'''
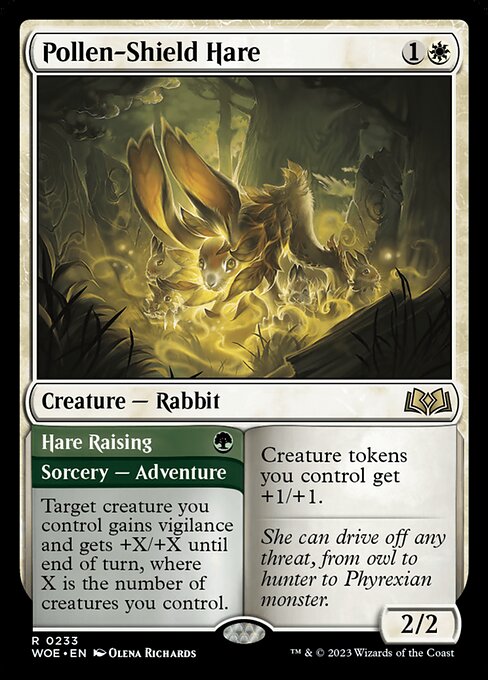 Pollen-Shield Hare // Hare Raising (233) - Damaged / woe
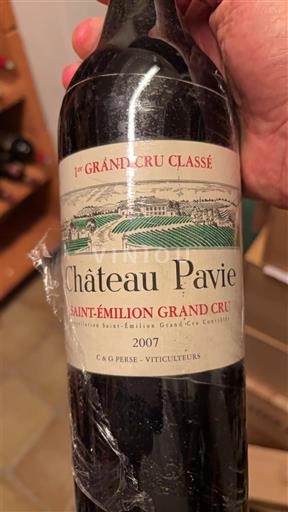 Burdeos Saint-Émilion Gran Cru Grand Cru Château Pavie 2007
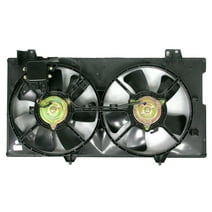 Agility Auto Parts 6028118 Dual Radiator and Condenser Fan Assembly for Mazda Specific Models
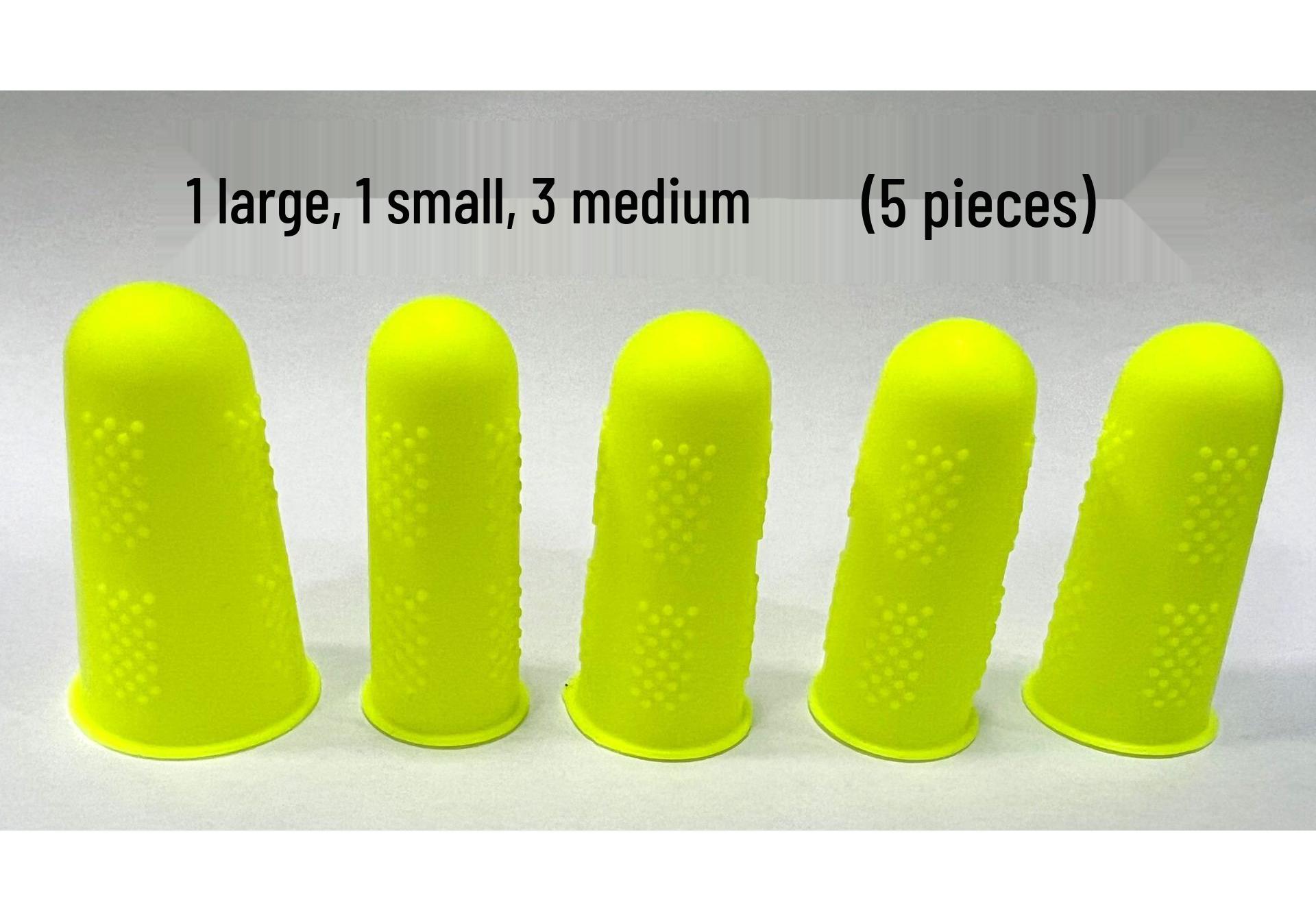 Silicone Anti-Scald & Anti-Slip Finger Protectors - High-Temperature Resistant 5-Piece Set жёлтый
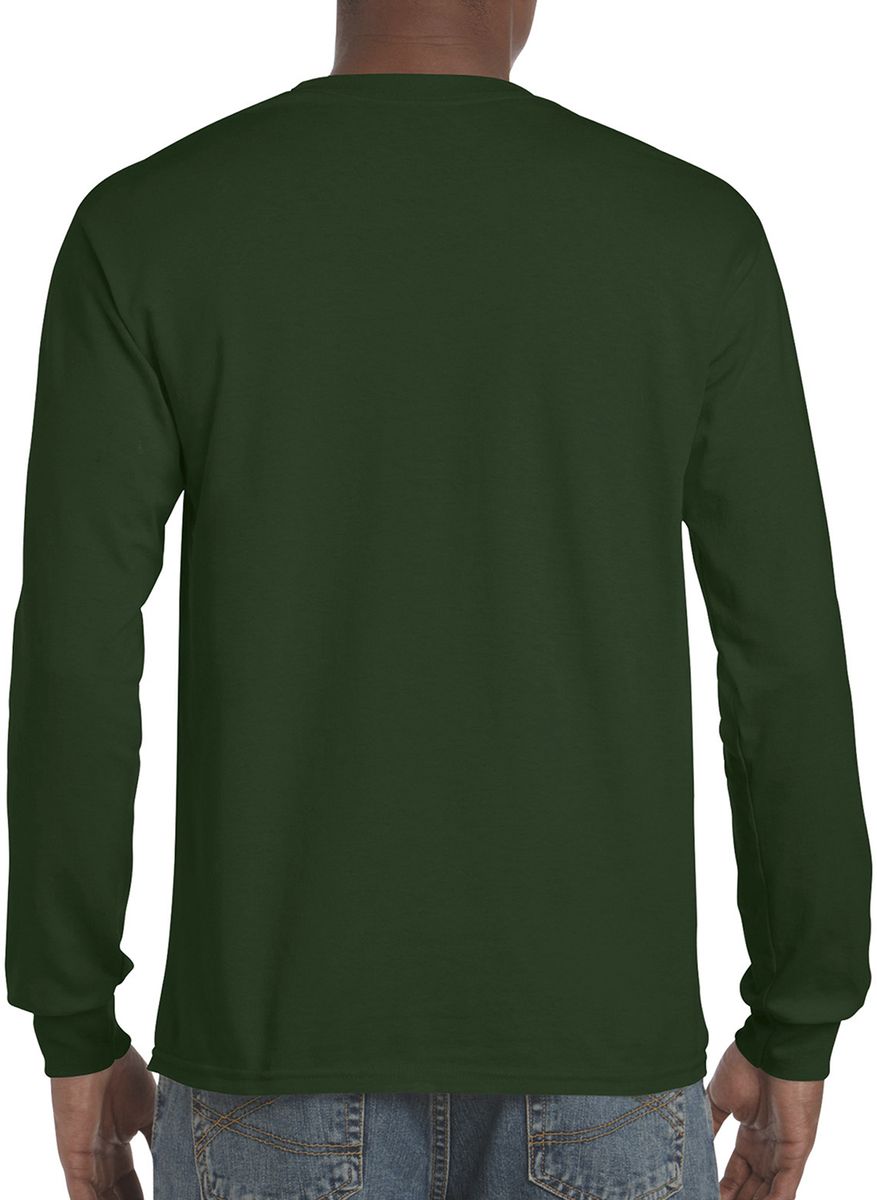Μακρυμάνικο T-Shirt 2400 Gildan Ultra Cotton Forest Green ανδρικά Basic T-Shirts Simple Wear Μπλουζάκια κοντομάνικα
'''
_What you are asked to do_
If a record contains a picture, leave the picture out; repeat the record itself exactly.

_Problem solution_
 Pollen-Shield Hare // Hare Raising (233) - Damaged / woe
 Burdeos Saint-Émilion Gran Cru Grand Cru Château Pavie 2007
 Agility Auto Parts 6028118 Dual Radiator and Condenser Fan Assembly for Mazda Specific Models
 Silicone Anti-Scald & Anti-Slip Finger Protectors - High-Temperature Resistant 5-Piece Set жёлтый
Μακρυμάνικο T-Shirt 2400 Gildan Ultra Cotton Forest Green ανδρικά Basic T-Shirts Simple Wear Μπλουζάκια κοντομάνικα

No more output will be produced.